A 1.40 kg skateboard is coasting along the pavement at a speed of 5.5 m/s when a 0.800 kg cat drops from a tree vertically downward onto the skateboard. What is the speed of the skateboard-cat combination.
momentum is conserved.
in the direction of movement
1.4*5.5+.8*0= (1.4+.8)V
solve for V
3.26
To find the speed of the skateboard-cat combination after the cat drops onto the skateboard, we'll apply the law of conservation of momentum.
The law of conservation of momentum states that the total momentum of an isolated system remains constant if no external forces act on it.
In this case, the initial momentum of the skateboard is equal to the final momentum of the skateboard-cat combination.
The momentum (p) is calculated as the product of an object's mass (m) and its velocity (v):
p = m * v
Let's denote the initial velocity of the skateboard as v1 and the final velocity of the skateboard-cat combination as v2.
The initial momentum of the skateboard is given by:
p1 = m1 * v1
The final momentum of the skateboard-cat combination is:
p2 = (m1 + m2) * v2, where m1 is the mass of the skateboard (1.40 kg) and m2 is the mass of the cat (0.800 kg).
Using the law of conservation of momentum, we can set the initial momentum equal to the final momentum:
m1 * v1 = (m1 + m2) * v2
Now, we can solve for v2, which represents the speed of the skateboard-cat combination.
v2 = (m1 * v1) / (m1 + m2)
Plugging in the given values:
v2 = (1.40 kg * 5.5 m/s) / (1.40 kg + 0.800 kg)
Calculating this expression will give us the speed of the skateboard-cat combination.
To find the speed of the skateboard-cat combination, we can use the principle of conservation of momentum.
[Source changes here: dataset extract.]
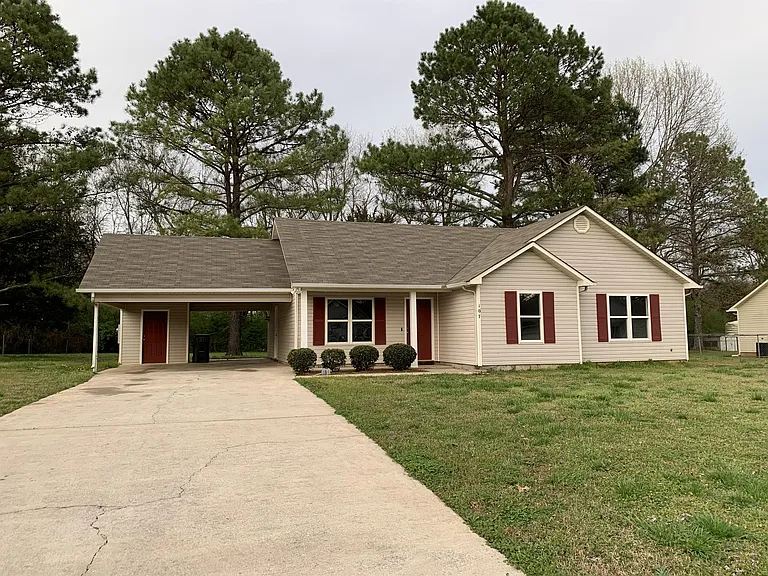 107 Ann Bradley Dr — Photo 1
The total momentum before the cat drops onto the skateboard is equal to the total momentum after the cat drops onto the skateboard.
The momentum of an object is calculated by multiplying its mass by its velocity.
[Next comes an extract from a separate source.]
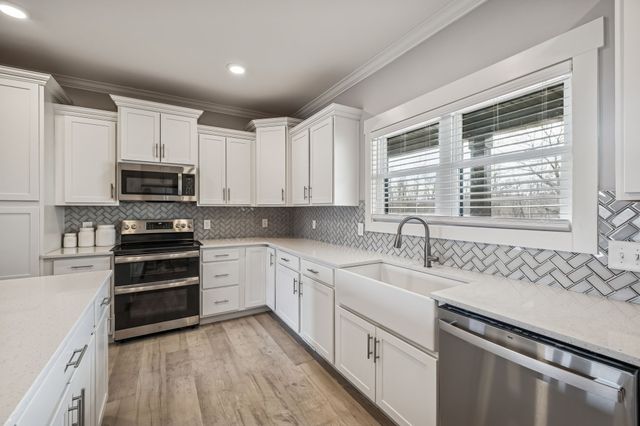 1005 Hickory Point Rd, Clarksville, TN 37043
Let's denote the initial velocity of the skateboard as v1, the mass of the skateboard as m1, the final velocity of the skateboard-cat combination as v2, and the mass of the cat as m2.
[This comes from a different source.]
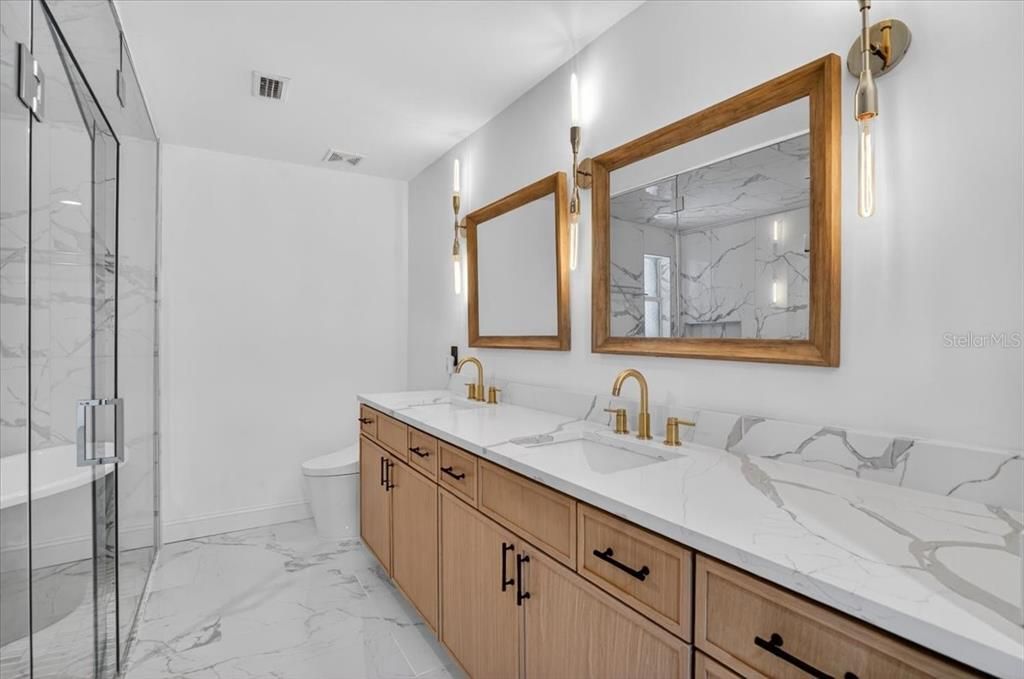 For Sale: $1,799,000 (3 beds, 4 baths, 3214 Square Feet)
According to the conservation of momentum, the initial momentum is equal to the final momentum:
(m1 * v1) + (m2 * 0) = (m1 * v2) + (m2 * v2)
Since the cat drops vertically downward, its initial velocity is 0 m/s. Therefore, the equation becomes:
(m1 * v1) = (m1 * v2) + (m2 * v2)
Now, we can substitute the values given in the problem:
(1.40 kg * 5.5 m/s) = (1.40 kg * v2) + (0.800 kg * v2)
Simplifying the equation, we get:
7.70 kg m/s = (2.20 kg * v2)
Dividing both sides of the equation by 2.20 kg, we find:
v2 = (7.70 kg m/s) / 2.20 kg
v2 ≈ 3.50 m/s
Therefore, the speed of the skateboard-cat combination is approximately 3.50 m/s.